Donald Pippin. (Photo: pocketopera.org)

Donald Pippin. (Photo: pocketopera.org)

One thing was constant: poor Jacques never saw a penny. Copywrite laws either did not exist at all, or California was so far away from everything else that no one was taken to court. Pippin revived that tradition in the 1980s: besides all the famous ones, look at the list he put on: Bridge of Sighs, Brigands, The Cat who Turned into a Woman (La Chatte métamorphosée en femme, 1858), New Woman or Genevieve of Brabant, M. Choufleuri, Les Bavards, a double bill of the two one-acters Le 66 and Un mari à la porte, Madame l’Archiduc, another double bill of L’île de Tulipatan and Ba-Ta-Clan, and Barbe-Bleue. He even did a musical biography of Jacques.

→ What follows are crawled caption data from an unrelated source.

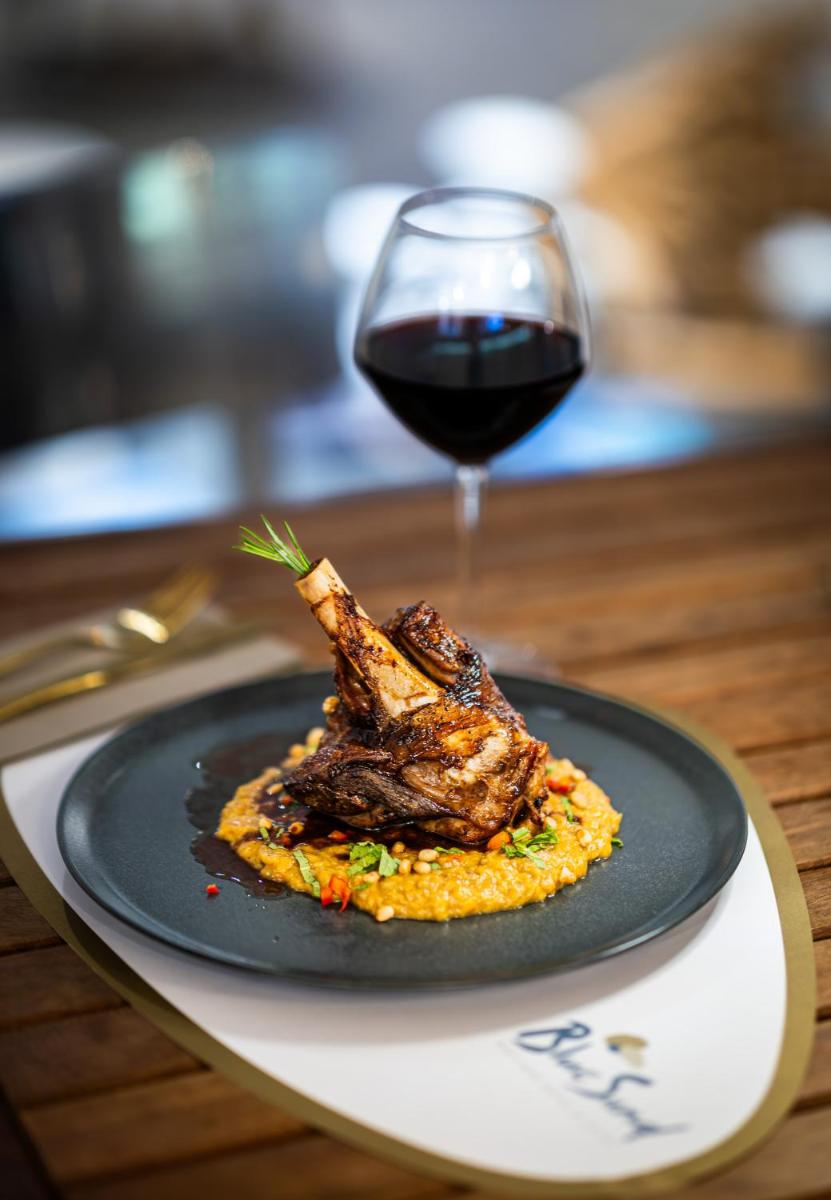 Blue Sand Boutique Hotel & Suites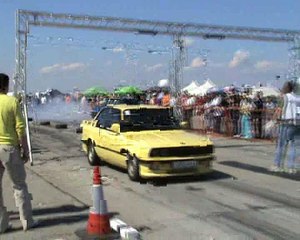 Chevy Caprice Coupe 8.2 V8 Vs. BMW E30 Drag Race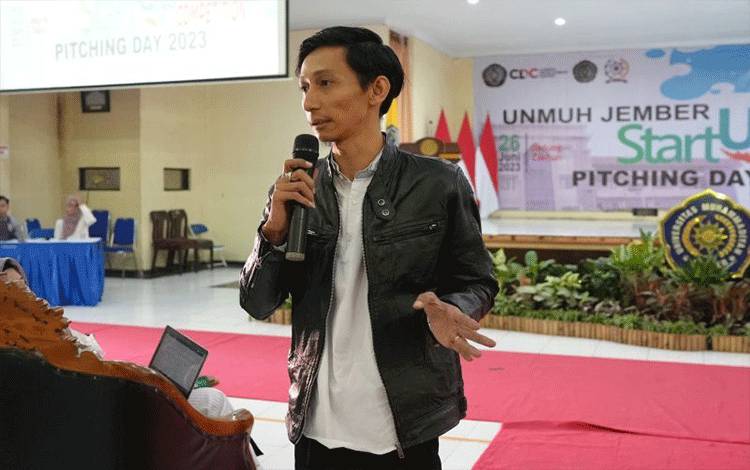 Pakar ekonomi Universitas Muhammadiyah (Unmuh) Jember Yohanes Gunawan Wibowo (ANTARA/HO-Humas Unmuh Jember)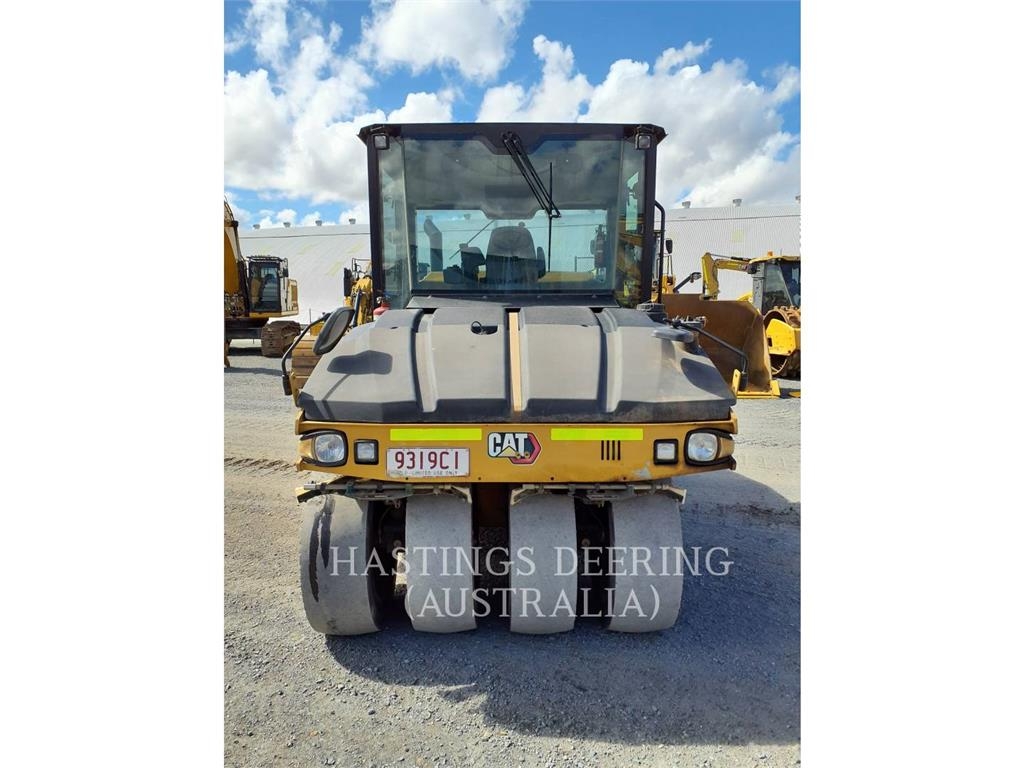 CAT CW34LRC image 11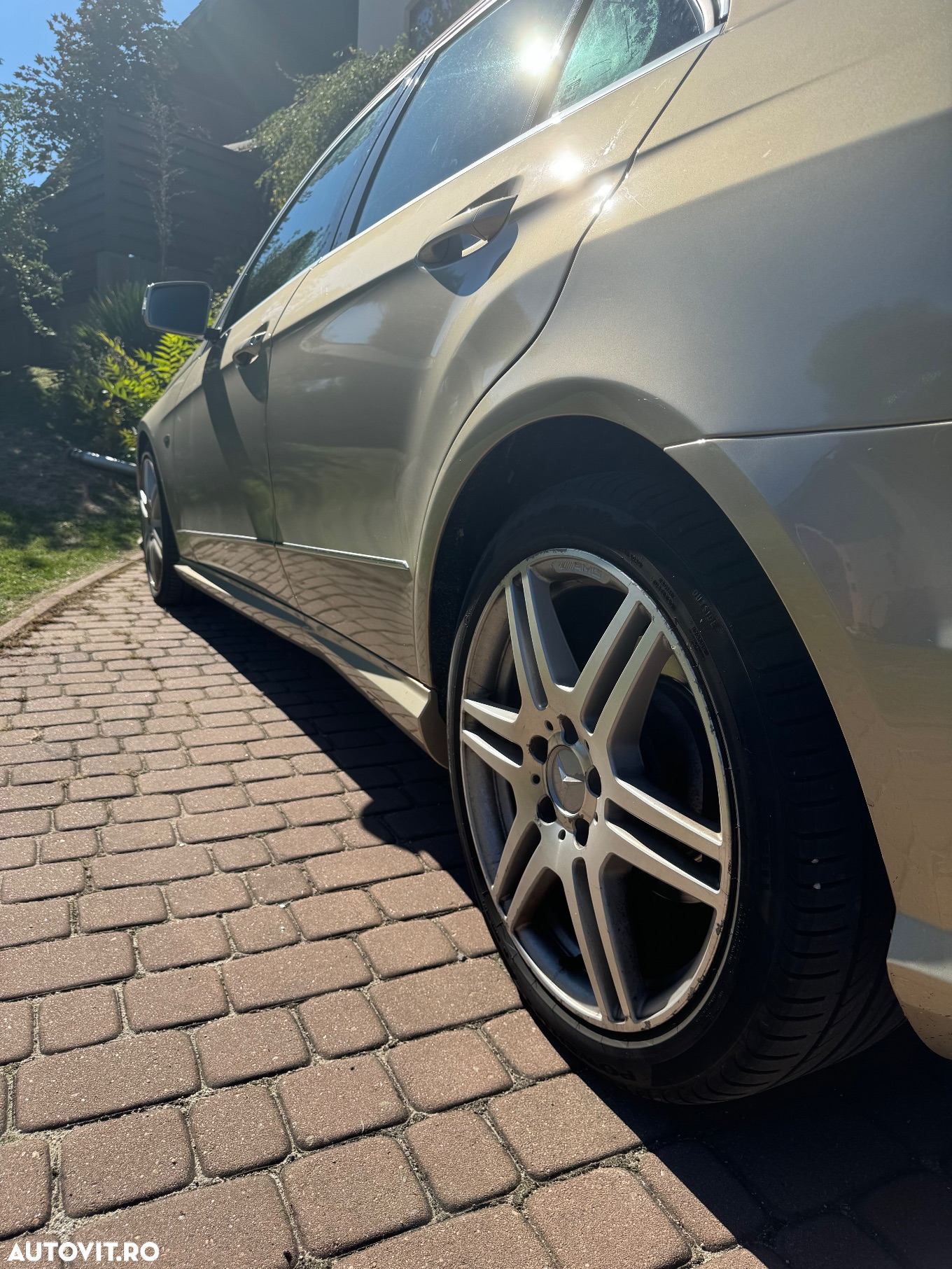 Mercedes-Benz E 250 CDI 4MATIC BlueEfficiency Aut. - 10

The Online Archives of California

This was a staggering list, made more so when you know that Offenbach was not just his favorite; for over three decades, Pippin also performed around one hundred other works: Handel alone in the original. Obscure national operas from Poland and Bohemia became talked-about works for San Franciscans of the 1980s and 90s. Seventy of his translations, but not nearly all of them, are found at Stanford’s Music Archives, part of the Online Archives of California (OAC). You can find only nine “Offenbachs” there. Scroll down a bit; it’s right after the Mozart Collection. But many, including Trébizonde, are not included. You may be staggered as you read down the huge list of all those translations of operas. Many of them are gems and should be better known. And all of them are supremely singable.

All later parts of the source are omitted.